- **DATASET SECTION**:
====

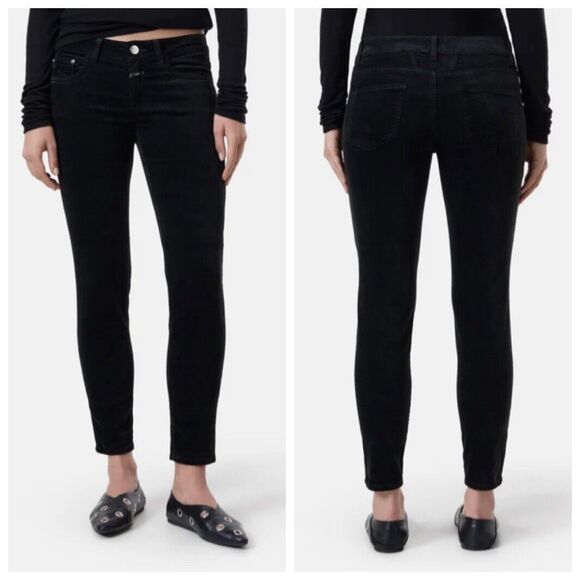 Closed Skinny Velvet Baker Pants Black Stretch Jeans Women’s Size 24 Italy - Picture 1 of 14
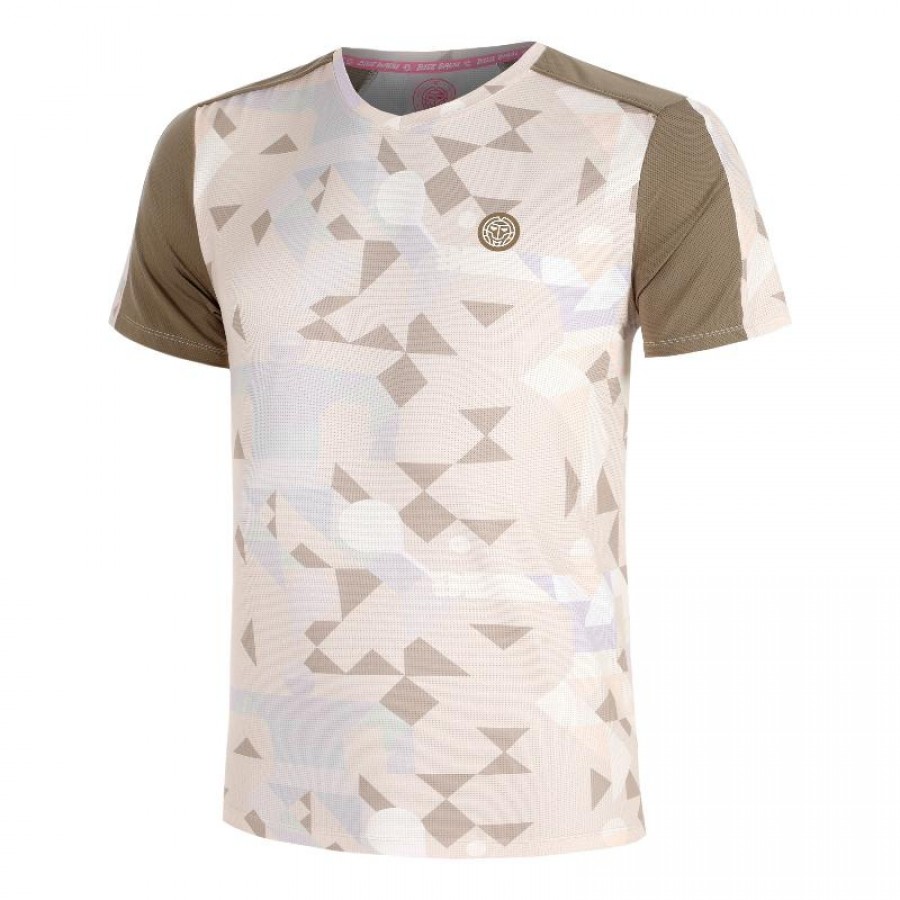 Bidi Badu Paris T-Shirt Marron Col V Beige  Offre - Pas cher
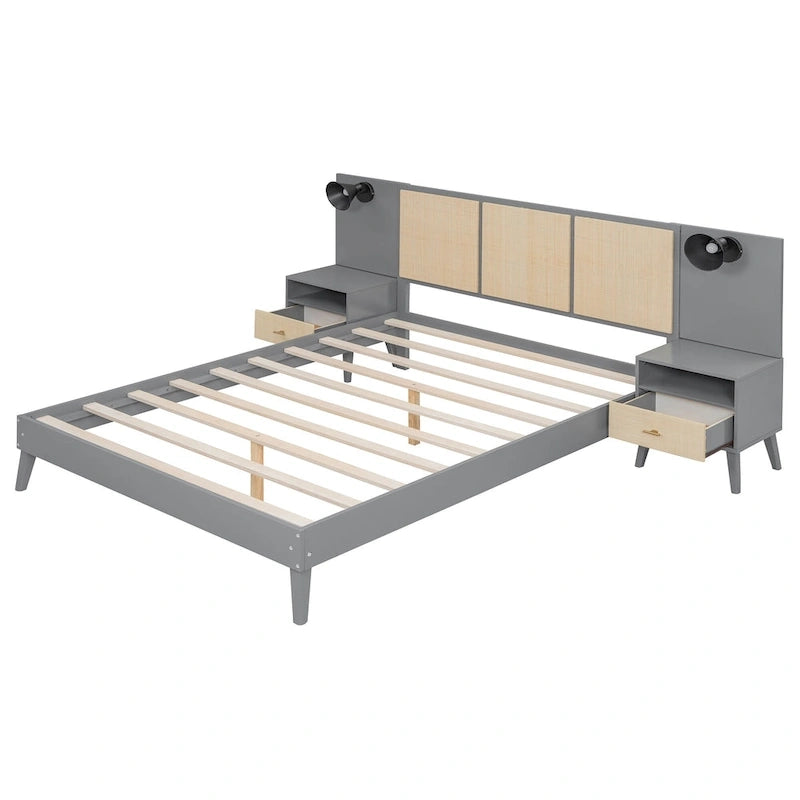 Lit plateforme gris grand format avec tête de lit capitonnée et pieds en bois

====

- **THE TASK**: What you produce must match the listing word for word, with no images in it.

- **SOLUTION FOR THIS EXERCISE**:
 Closed Skinny Velvet Baker Pants Black Stretch Jeans Women’s Size 24 Italy - Picture 1 of 14
 Bidi Badu Paris T-Shirt Marron Col V Beige  Offre - Pas cher
 Lit plateforme gris grand format avec tête de lit capitonnée et pieds en bois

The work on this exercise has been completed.